Note that output were omitted for privacy protection. However the actual output here are text that are Tokenized, Cleaned (stopwords removed), Lemmatized with applicable bigram and trigrams.

5 Prepare Dictionary and Corpus¶

Now that our data have been cleaned and pre-processed, here are the final steps that we need to implement before our data is ready for LDA input:

Create a dictionary from our pre-processed data using Gensim's corpora.Dictionary
Create a corpus by applying "term frequency" (word count) to our "pre-processed data dictionary" using Gensim's .doc2bow

In [11]:

import gensim.corpora as corpora
id2word = corpora.Dictionary(data_lemmatized)      # Create dictionary
texts = data_lemmatized                            # Create corpus
corpus = [id2word.doc2bow(text) for text in texts] # Apply Term Frequency
print(corpus[:1])                                  # Preview the data

[[(0, 1), (1, 1), (2, 1), (3, 1), (4, 1), (5, 1), (6, 1), (7, 1), (8, 1), (9, 1), (10, 1), (11, 1), (12, 1), (13, 1), (14, 1), (15, 1)]]

We can see that our corpus is a list of every word in an index form followed by count frequency.

In [12]:

id2word[0]

Out[12]:

'brother'

We can also see the actual word of each index by calling the index from our pre-processed data dictionary.

In [ ]:

[[(id2word[id], freq) for id, freq in cp] for cp in corpus[:1]]

Lastly, we can see the list of every word in actual word (instead of index form) followed by their count frequency using a simple for loop.

Note that output were omitted for privacy protection. However the actual output here are a list of text showing words with their corresponding count frequency.

Now that we have created our dictionary and corpus, we can feed the data into our LDA Model.

6 LDA Model¶

Latent (hidden) Dirichlet Allocation is a generative probabilistic model of a documents (composites) made up of words (parts). The model is based on the probability of words when selecting (sampling) topics (category), and the probability of topics when selecting a document.

Essentially, we are extracting topics in documents by looking at the probability of words to determine the topics, and then the probability of topics to determine the documents.

There are two LDA algorithms.
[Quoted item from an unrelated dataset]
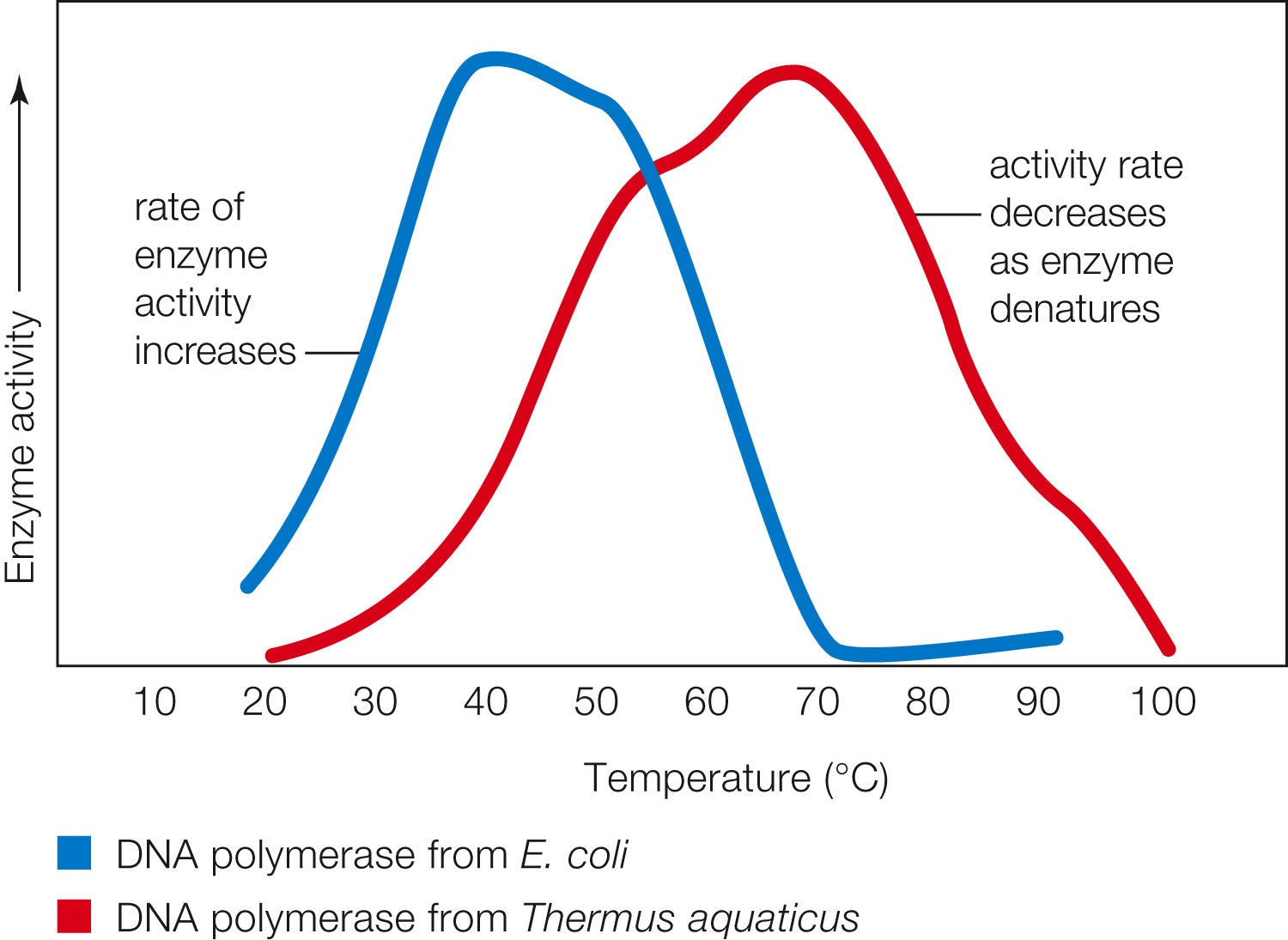 Enzyme activity varies with temperature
The Variational Bayes is used by Gensim's LDA Model, while Gibb's Sampling is used by LDA Mallet Model using Gensim's Wrapper package.

Here is the general overview of Variational Bayes and Gibbs Sampling:

Variational Bayes
- Sampling the variations between, and within each word (part or variable) to determine which topic it belongs to (but some variations cannot be explained)
- Fast but less accurate
Gibb's Sampling (Markov Chain Monte Carlos)
- Sampling one variable at a time, conditional upon all other variables
- Slow but more accurate

In [ ]:

# Build LDA Model
lda_model = gensim.models.ldamodel.LdaModel(corpus=corpus, id2word=id2word, num_topics = 9, random_state = 100,
                                            update_every = 1, chunksize = 100, passes = 10, alpha = 'auto',
                                            per_word_topics=True) # Here we selected 9 topics
pprint(lda_model.print_topics())
doc_lda = lda_model[corpus]

After building the LDA Model using Gensim, we display the 10 topics in our document along with the top 10 keywords and their corresponding weights that makes up each topic.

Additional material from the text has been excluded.